◆ **EXERCISE OBJECTIVE**
From the line with "Leurs séances - ouvertes" through the last line of the records below, both ends included, transcribe only those lines, exactly, and omit the pictures.

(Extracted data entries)
****************************************

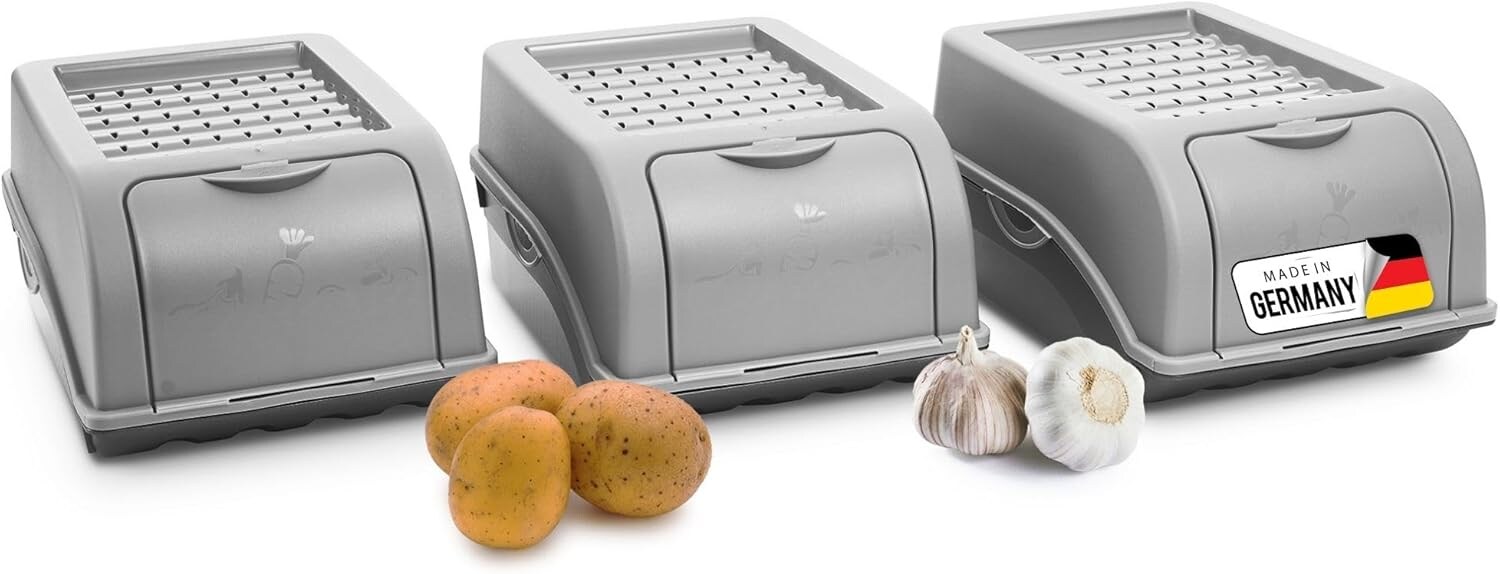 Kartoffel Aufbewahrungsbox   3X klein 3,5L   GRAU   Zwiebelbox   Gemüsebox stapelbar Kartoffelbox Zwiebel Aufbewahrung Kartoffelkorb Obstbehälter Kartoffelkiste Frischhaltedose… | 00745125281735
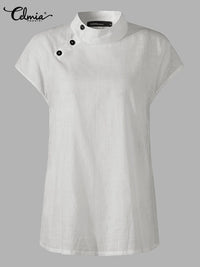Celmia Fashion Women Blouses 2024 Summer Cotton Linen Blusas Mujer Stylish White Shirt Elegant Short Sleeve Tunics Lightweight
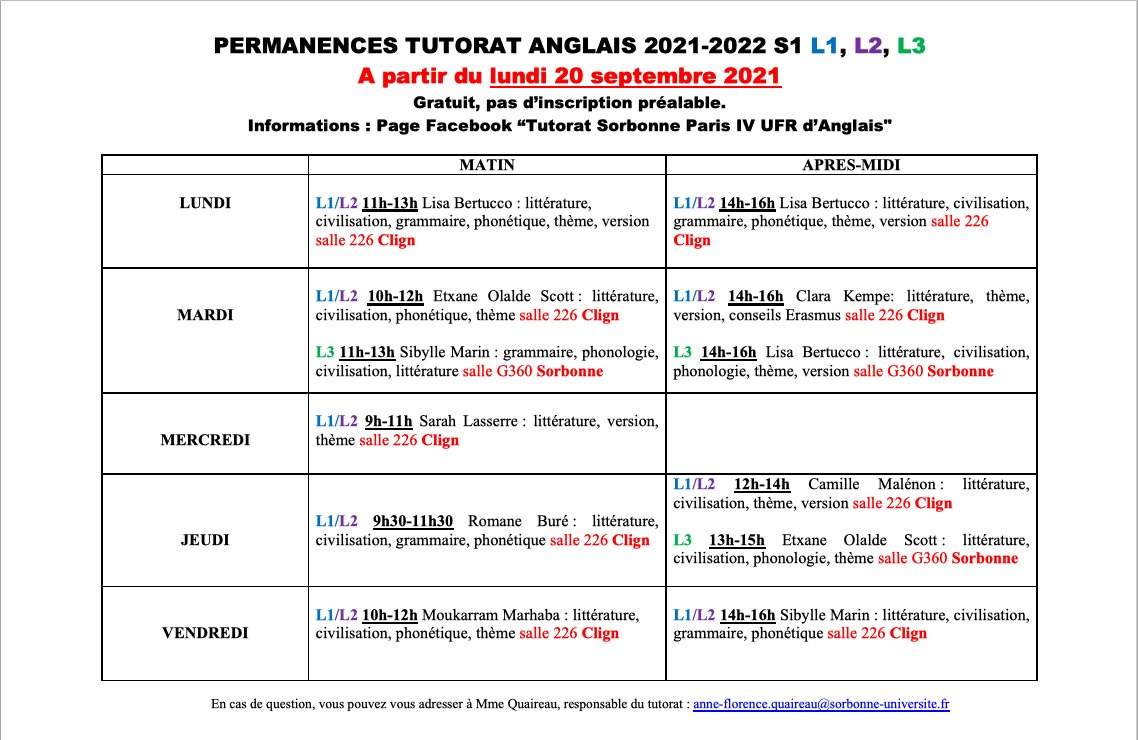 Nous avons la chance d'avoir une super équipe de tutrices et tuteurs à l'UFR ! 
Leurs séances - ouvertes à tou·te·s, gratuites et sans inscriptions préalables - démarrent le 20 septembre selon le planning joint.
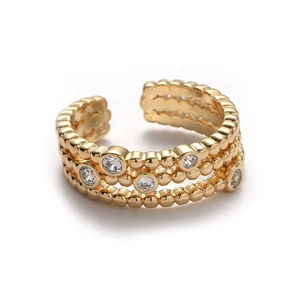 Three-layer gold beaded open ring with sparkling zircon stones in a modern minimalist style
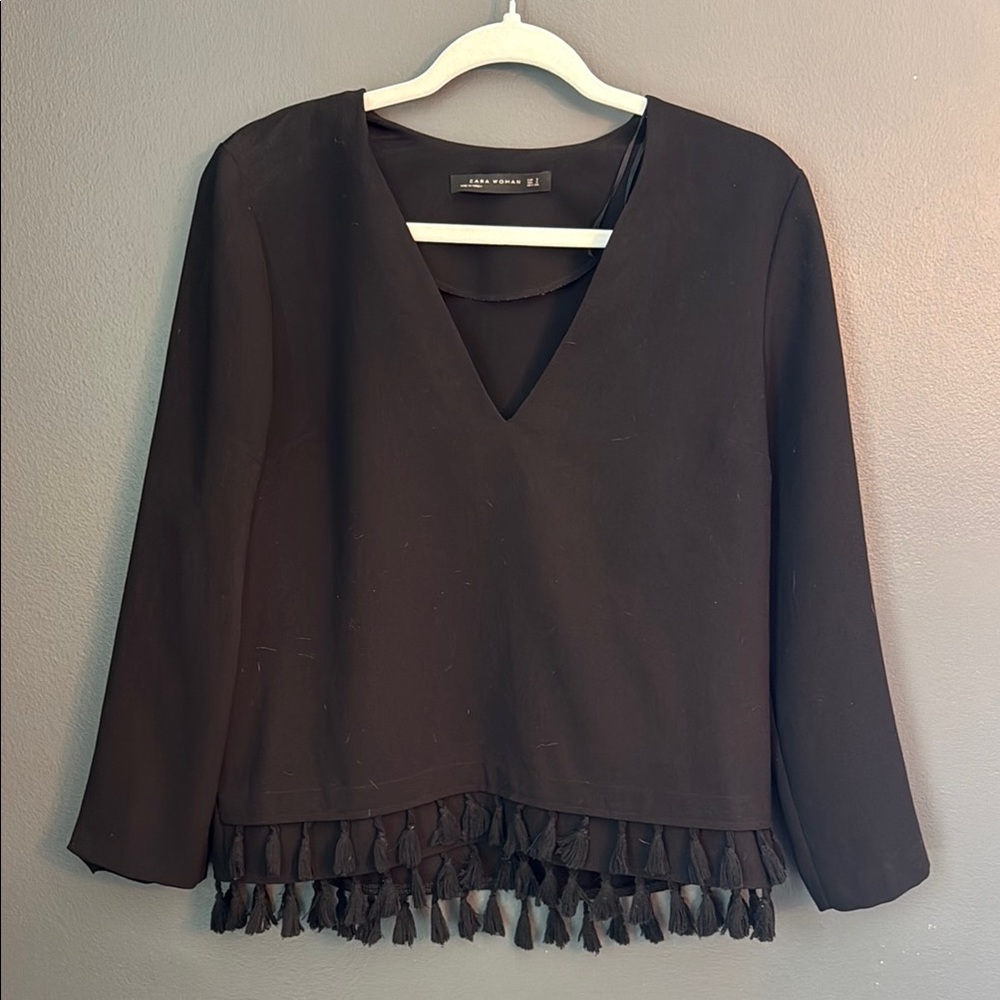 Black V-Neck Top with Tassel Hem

****************************************

◆ **YOUR SOLUTION**
Leurs séances - ouvertes à tou·te·s, gratuites et sans inscriptions préalables - démarrent le 20 septembre selon le planning joint.
 Three-layer gold beaded open ring with sparkling zircon stones in a modern minimalist style
 Black V-Neck Top with Tassel Hem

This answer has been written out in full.